Unfortunately, I only made it halfway through this piece. I just couldn’t find many new and interesting ideas about ‘Vertigo’ in it. Also the style was too hard on the eyes. For what it’s worth I do think Elster is a great Hitch villain. I like that the piece spends some time on his thoughts about the past and ‘freedom and power’. Hitchcock’s villains (and other characters) are often obsessed with and idolize the past.
I am glad you are my proxy. Some people take criticism personally. It seems to me as though its creators are talking in a kind of a Sarah Palin word salad. I’m not a troll. Not closed minded. Love this site. The 2:37 intro before the piece starts does seem like it’s trying to hypnotize you. Which is in the movie. I go to Annie Hall for a quote on intentions: Marshall McLuhan: I heard what you were saying! You know nothing of my work! You mean my whole fallacy is wrong. How you got to teach a course in anything is totally amazing! But that’s not really addressing the arguments, as you say. Ulster is insubstantial – Opinion, not fact. Perhaps rear projection has to do with the flatness of scenes. Enchantment/Move SanFran out of linear time – Not really argued in this section of piece. See/Re-see – “It is shadowed by the already seen.” “Time exists in a split tense”. One interpretation of this would indicate that this movie brings on a state of deja-vu. It’s a man haunted by his past recreating his past. This is what I mean about word salad. And obfuscation. Why obfuscate? For example: He was a man in love with a thought form. Why not just say he was in love with the idea of love?
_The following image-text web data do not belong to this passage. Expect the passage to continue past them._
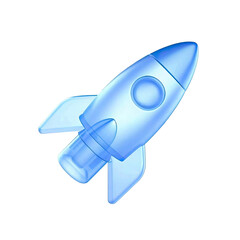 3d rendering of Rocket icon - rocket icon isolated on white
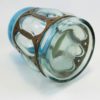 Wrought Rustic Iron and Light Blue Hand Blown Glass Vase or Candle Holder - Image 4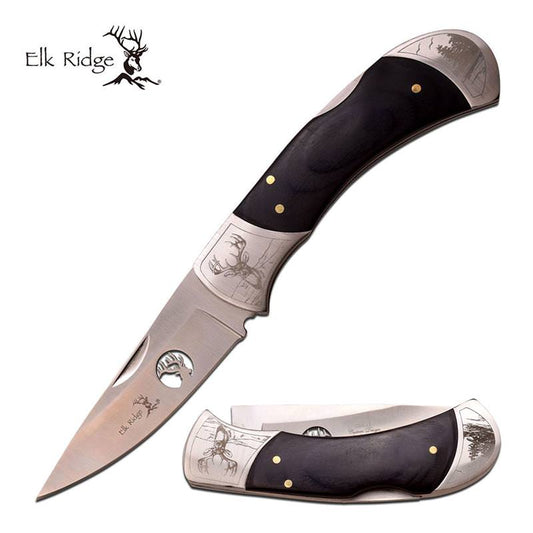 Elk Ridge 4.5" Lockback Folding Dear Artwork Knife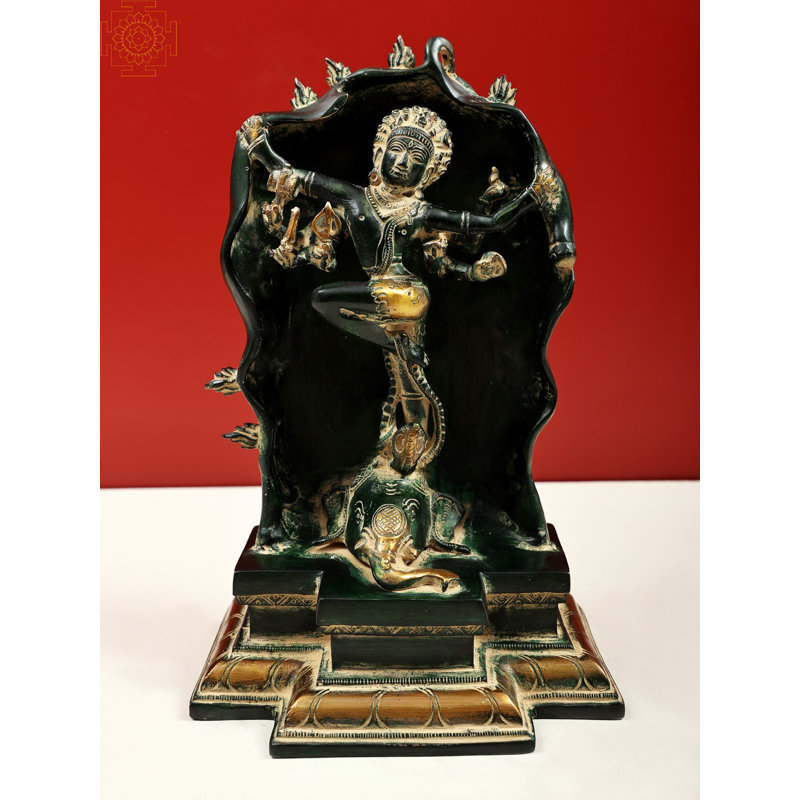 10" Gaja Samhara Murti Nataraja Brass Statue – Green-Gold Handcrafted Shiva Sculpture Depicting Lord Shiva’s Elephant Destruction Dance for Home Temple and Décor
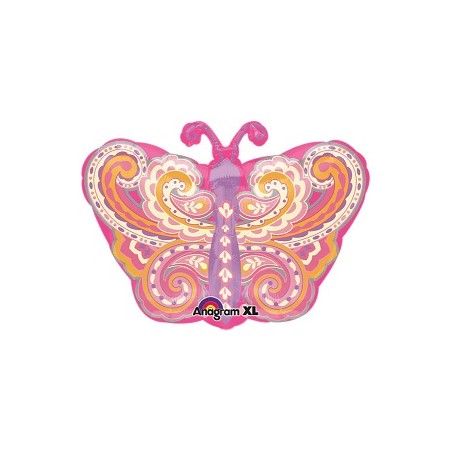 Palloncino Mylar 45 cm. Junior Shape Pink Teal Butterfly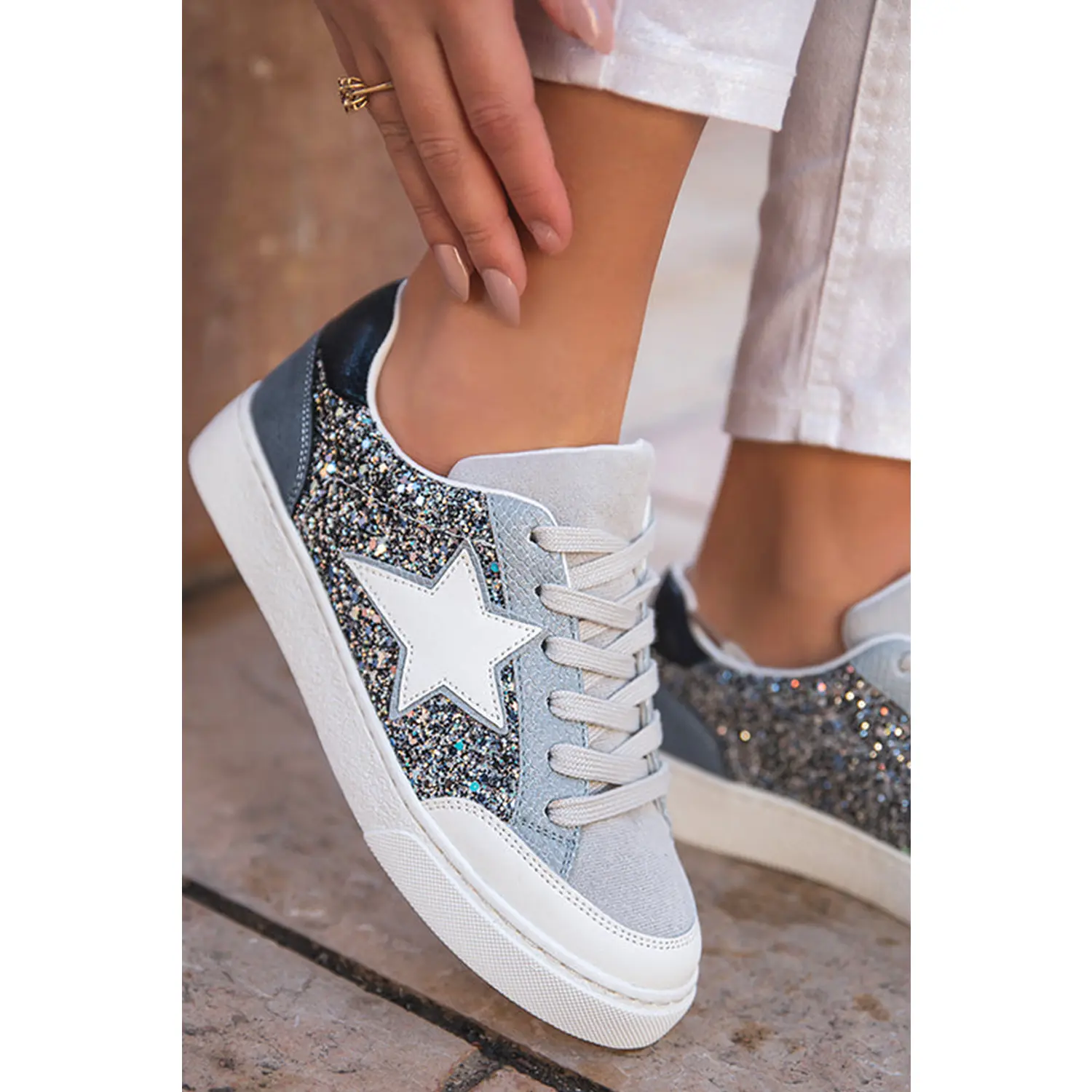 Silvery Star Glitter Lace-up Sneakers | US6-10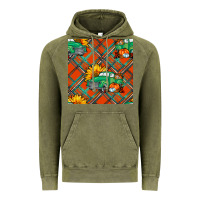 Vintage Olive Fall truck Vintage Hoodie - NancyCooperArtShop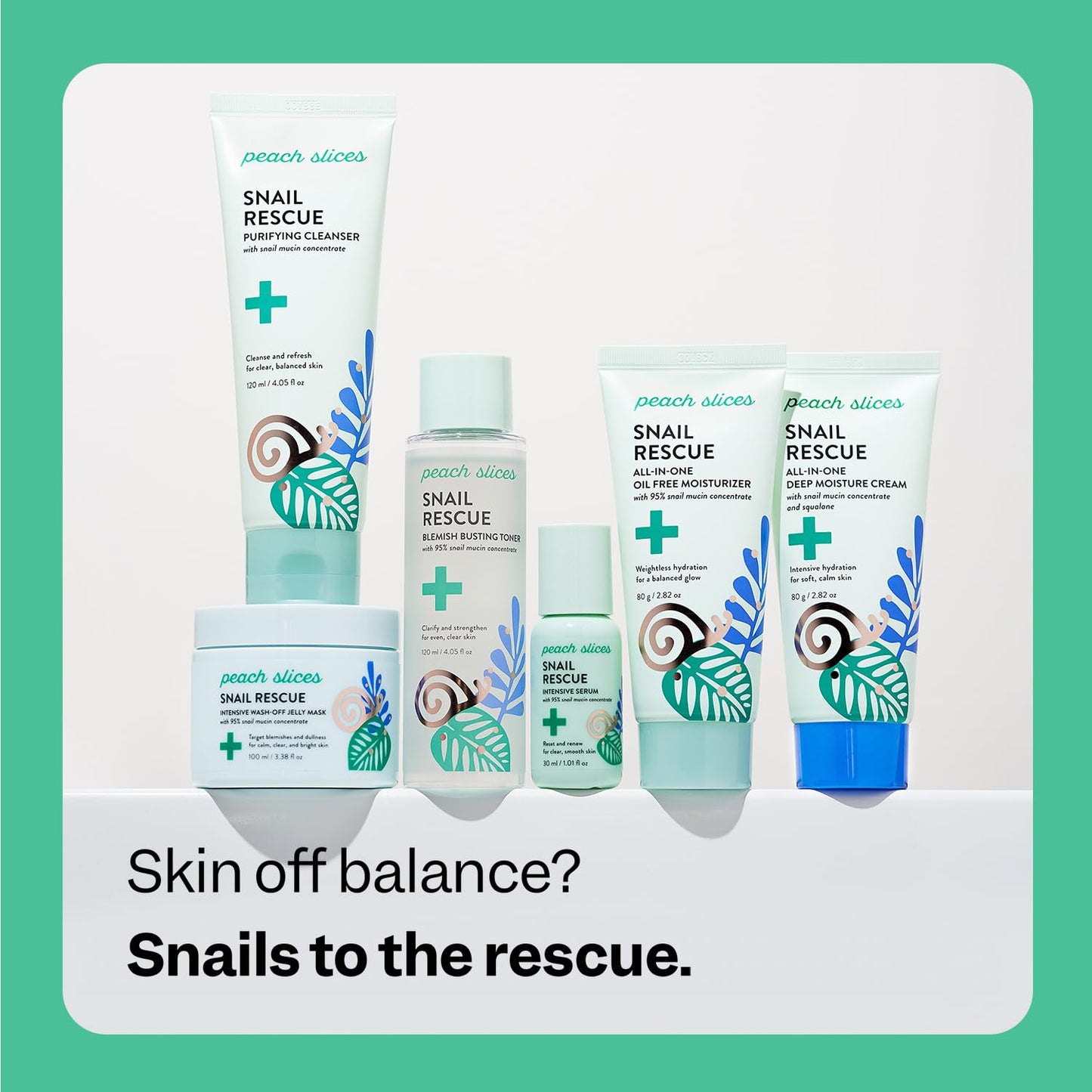 Peach Slices Snail Rescue Blemish Toner – 95% Snail Mucin, Pore Cleansing, Hydrating & Balancing, CICA, Hyaluronic Acid, 4.05 oz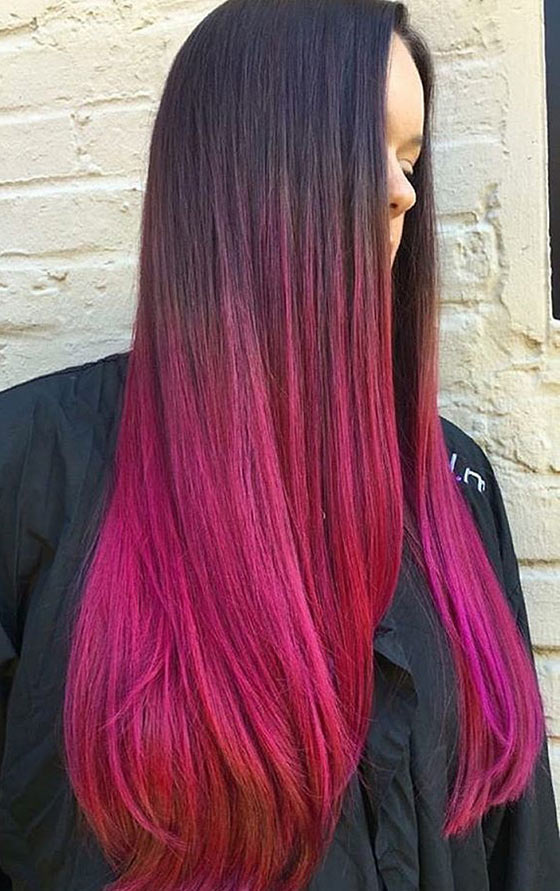 A stunning magenta ombre on straight long hair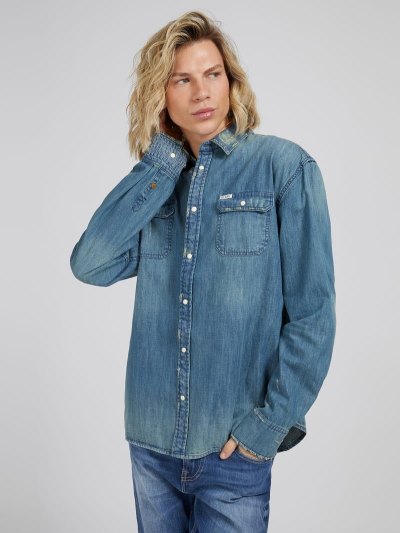 Férfi Guess Regular Fit Denim Shirts Kék | HU-124794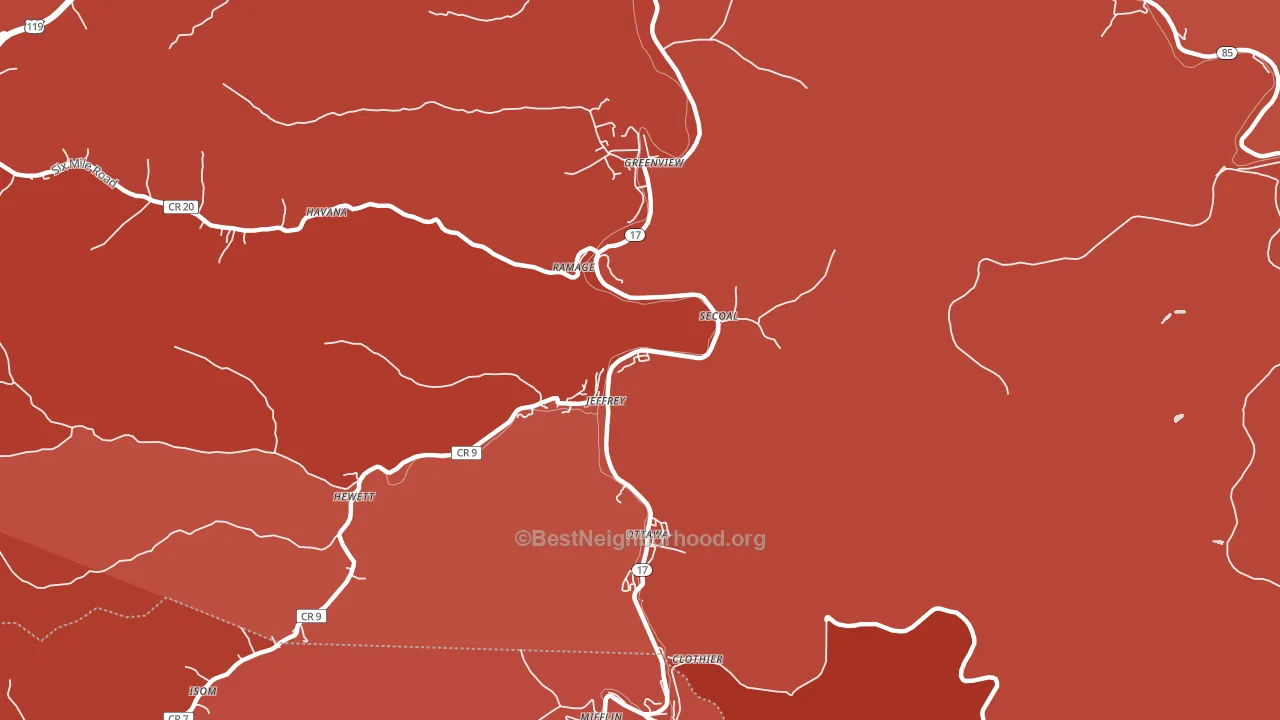 25114, WV block-group political-lean map
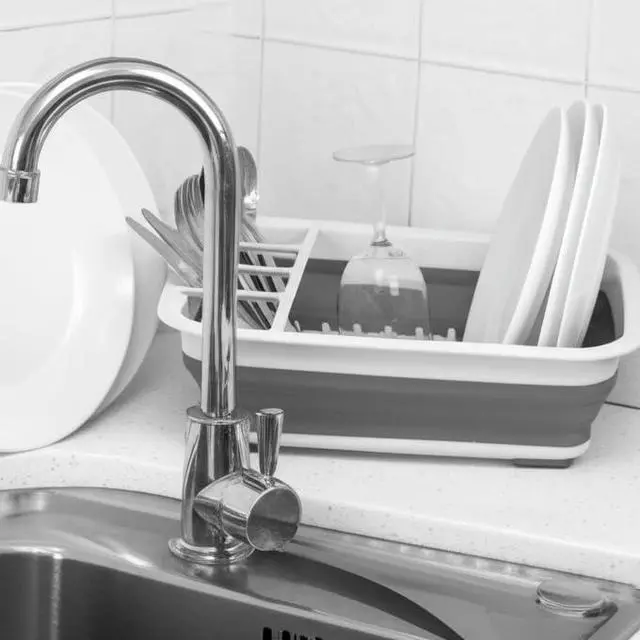 Alt view image 3 of 6 - Collapsible Dish Drying Rack, Foldable Dinnerware Drainer Organizer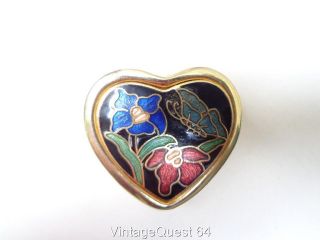 Vintage Multi Colored Enamel Flower Heart Shaped Cloisonne Pill Box 
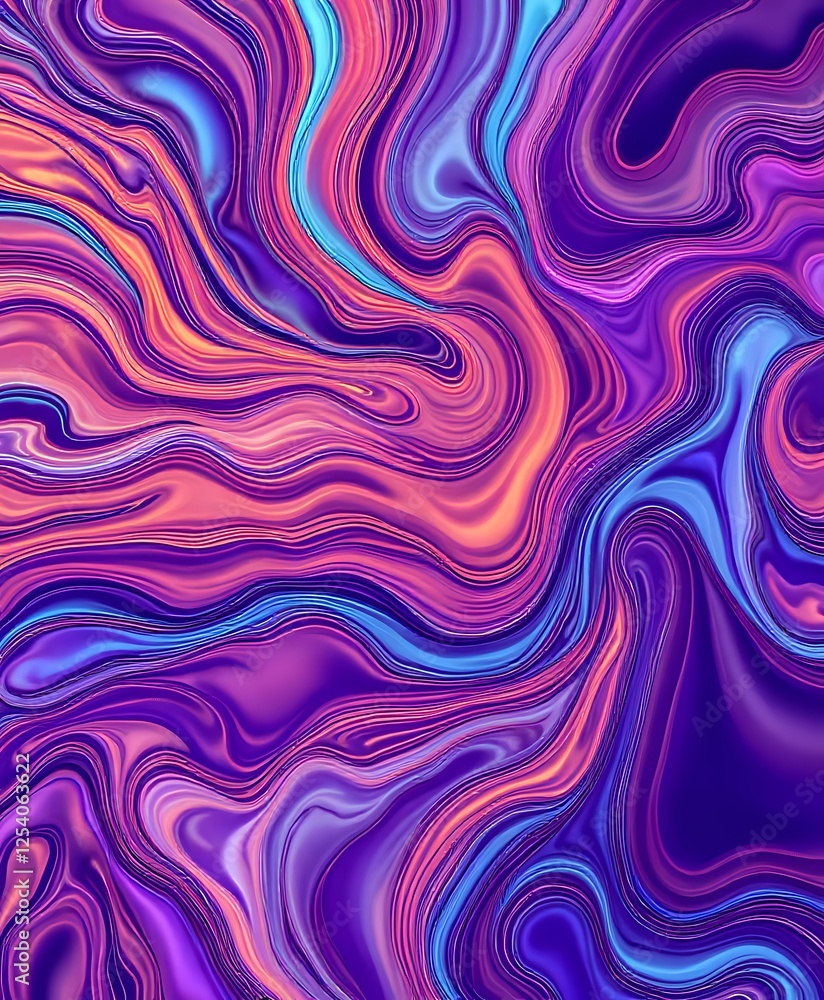 Poster vibrant abstract liquid flow art - algorithmic patterns design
Instead of saying you cannot see, but only re-see, say that the true value of the film comes through repeated viewings. I would love to read "My Intentions Behind Last Year in Marienbad and How You Must Watch My Film” if you have a URL. It would be hilarious if he was serious. This video would seem to contradict that assertion:, I don’t believe that I disagreed with the linear time issue, but I don’t find its treatment out of the ordinary. A man haunted by his past recreating his past. Deja vu! The film is out of the ordinary, but I think it functions quite well as a traditional entertainment. That’s why I dropped the Marienbad reference. I don’t think you could call Marienbad traditional. Unless you’re closed minded.
I saw the face of Jesus right at first. It was like on the …the face on the Shroud of Turin. I’m sure of it.
I loved this. It will seem obvious in future that video essays are THE way to analyze films that deserve (or require, as the authors say here) repeated viewings. If, that is, fair use can trump industry greed, still anybody’s guess. With regard to the essay itself, I’m generally impatient with all the critical hoo-ha about Hitchcock, who prided himself on making what Andy Warhol might have called “deeply superficial” movies. He’d likely be as sneakily proud of his ability to manipulate critics as he was openly proud of manipulating audiences. But Vertigo, whether I would or no, got under my skin, and I have felt compelled to see it repeatedly—something that even the greatest movies in my pantheon don’t necessarily induce— and this was the first critique I’ve seen that got at why that might be. Definitely looking forward to hearing/seeing more from these two.